» Goal of the exercise:
Tally the lines below that hold the string "Earrings", and give only the tally.

» Task inputs:
----------
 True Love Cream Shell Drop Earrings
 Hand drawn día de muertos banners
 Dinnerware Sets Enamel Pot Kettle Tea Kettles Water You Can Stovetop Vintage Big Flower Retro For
----------
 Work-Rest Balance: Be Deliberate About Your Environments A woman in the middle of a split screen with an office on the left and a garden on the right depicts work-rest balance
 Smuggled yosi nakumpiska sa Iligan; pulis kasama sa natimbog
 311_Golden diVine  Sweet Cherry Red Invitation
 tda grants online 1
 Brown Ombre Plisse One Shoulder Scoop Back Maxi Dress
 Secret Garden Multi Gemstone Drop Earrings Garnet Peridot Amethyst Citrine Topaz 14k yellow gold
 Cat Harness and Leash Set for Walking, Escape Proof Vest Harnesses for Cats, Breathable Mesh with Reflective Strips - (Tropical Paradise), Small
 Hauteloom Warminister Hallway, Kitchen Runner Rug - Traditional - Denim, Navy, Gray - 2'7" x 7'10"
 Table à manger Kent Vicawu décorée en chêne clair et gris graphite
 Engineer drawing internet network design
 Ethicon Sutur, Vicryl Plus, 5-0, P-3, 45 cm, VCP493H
----------
» Exercise output:
2